Il governo cinese tutela dunque la concorrenza e i dati personali? E perché no? La Repubblica Popolare Cinese rappresenta un sistema unico al mondo al quale non si possono applicare le misure occidentali. L’apertura economica della Cina avrebbe dovuto portare alla democrazia, ma ciò non è accaduto.
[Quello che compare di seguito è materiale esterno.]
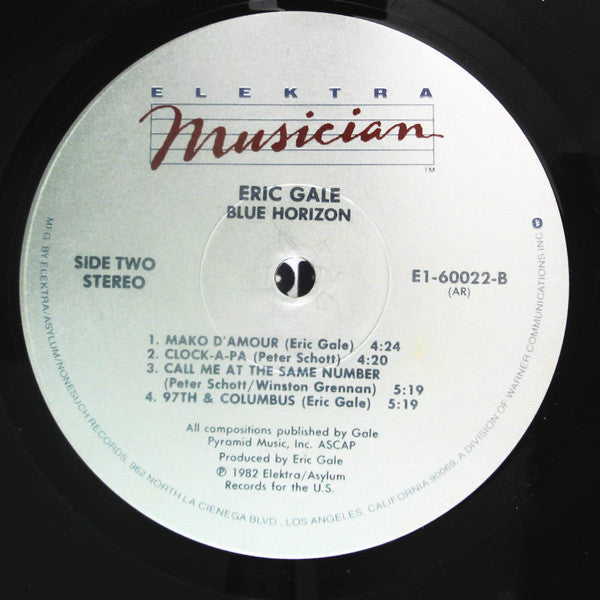 Eric Gale - Blue Horizon (Vinyl, LP) Very Good Plus (VG+) / Very Good (VG)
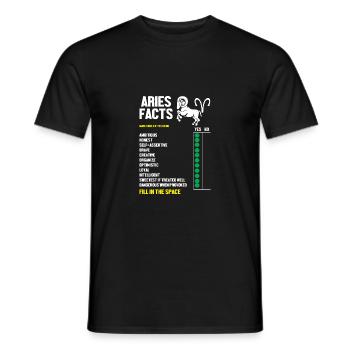 Sternzeichen Widder - Männer T-Shirt - Schwarz - Vorne - AI Model Male 178 light (178cm)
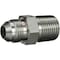 Gates Male JIC 37 Flare to Male Pipe NPTF SAE to SAE G60490-0408 - alternate 6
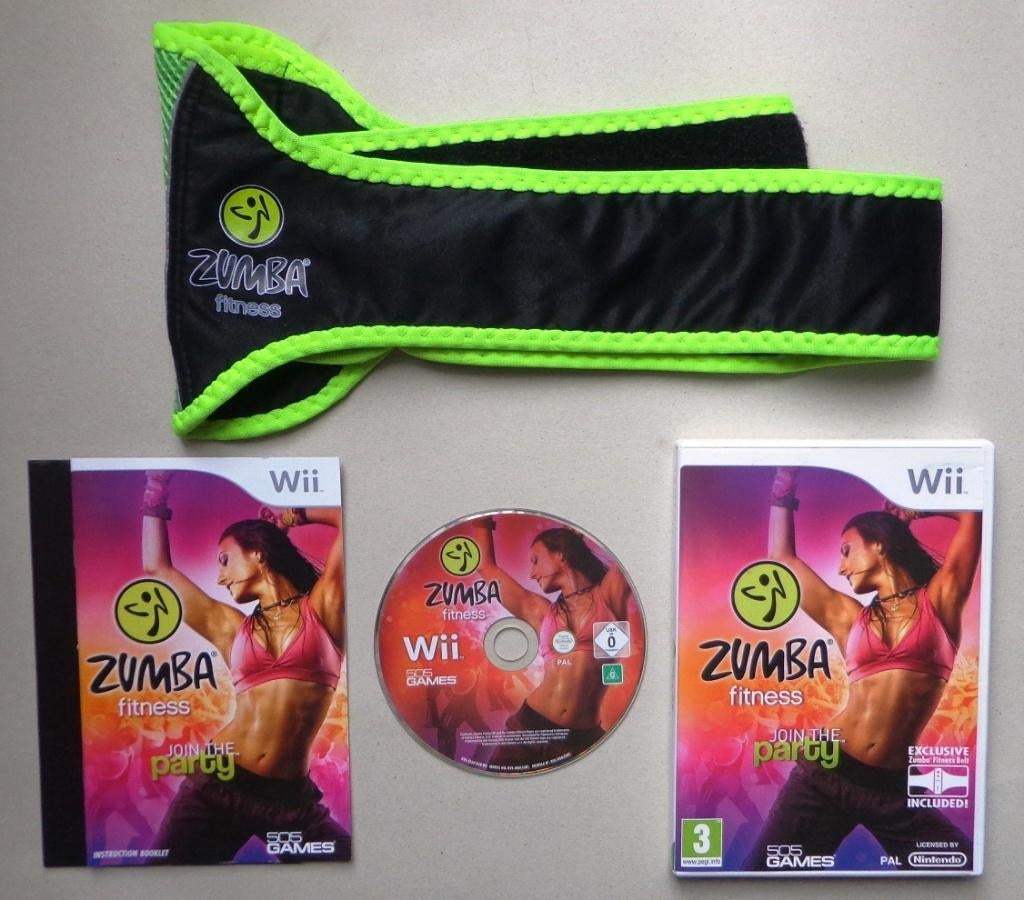 Zumba Fitness Join the Party + Riem voor de Nintendo Wii, Games en Spelcomputers, Ophalen of Verzenden, Zo goed als nieuw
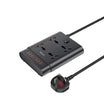 Yesido MC08 10 in 1 Power Socket with 6 USB Ports - Black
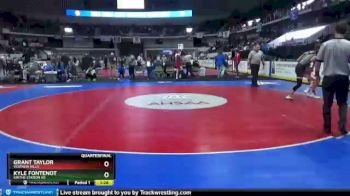 7 lbs Quarterfinal - Kyle Fontenot, Smiths Station Hs vs Grant Taylor, Vestavia Hills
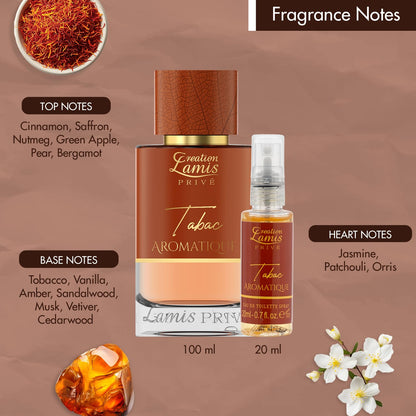 Creation Lamis Privé Amber Imperial Eau de Parfum, 100ml, Unisex Amber Chypre Fragrance - label detail (24)
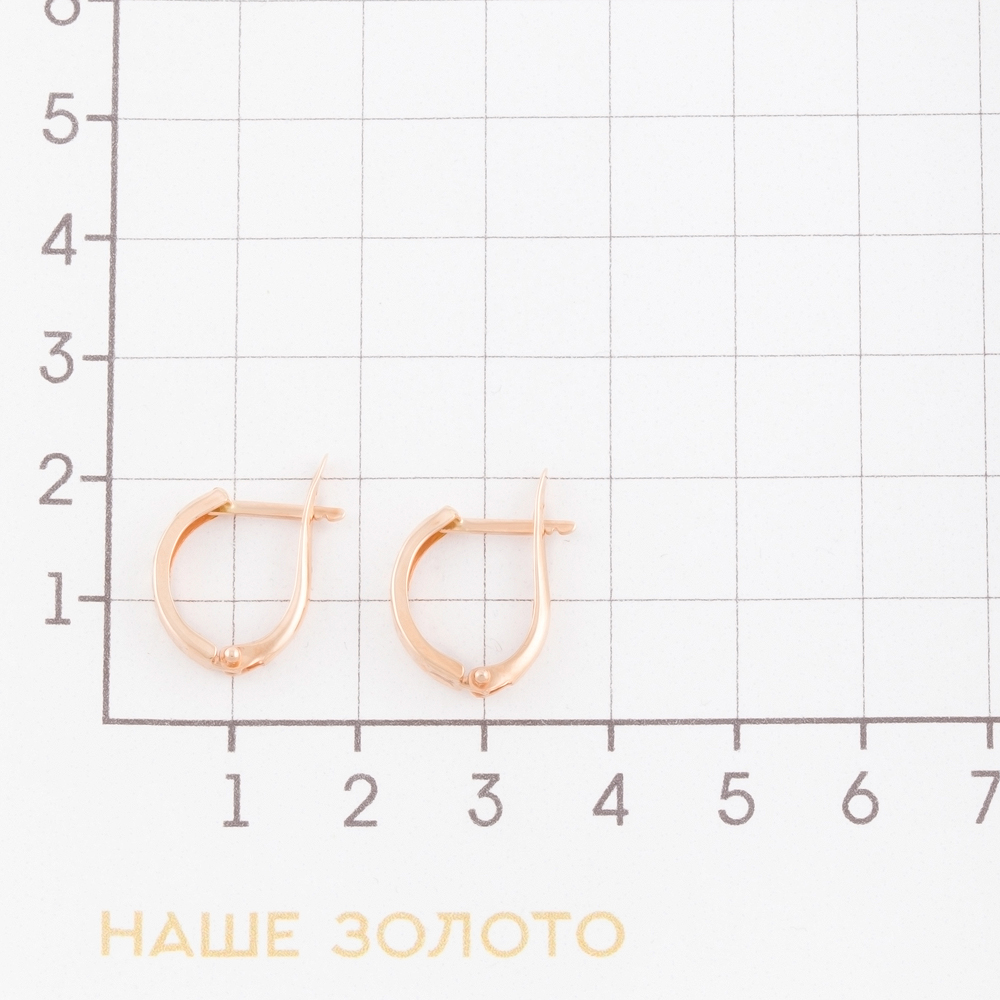 Золотые серьги Магнат  из красного золота 585 пробы ПЗА011629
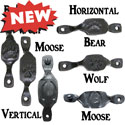Alaska Forge Bear, Wolf, & Moose Track Pulls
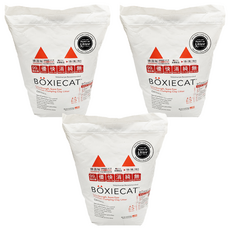 BOXIECAT 博識貓 強效黏土凝結貓砂 紅色, 7.26kg, 3包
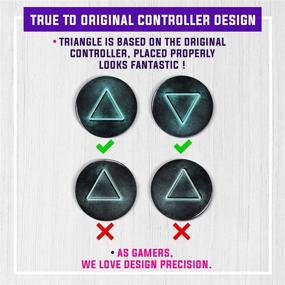 img 1 attached to 🎮 Jumant Gaming Coasters: Stylish PlayStation Coasters for Gamers - Set of 6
Allo stesso modo potrebbero rivelarsi altrettanto sbagliate le attuali previsioni secondo cui la Cina si stia dando la zappa sui piedi colpendo la la parte più innovativa e dinamica della sua economia.

Non si sa come finirà la prova di forza tra autorità e colossi tecnologici da entrambe le parti del globo, ma è altamente probabile che i giganti americani, forti di eserciti di avvocati e lobbisti, se la caveranno con poco danno, mentre quelli cinesi saranno regolati come delle siepi: in modo uniforme, veloce e senza un lamento.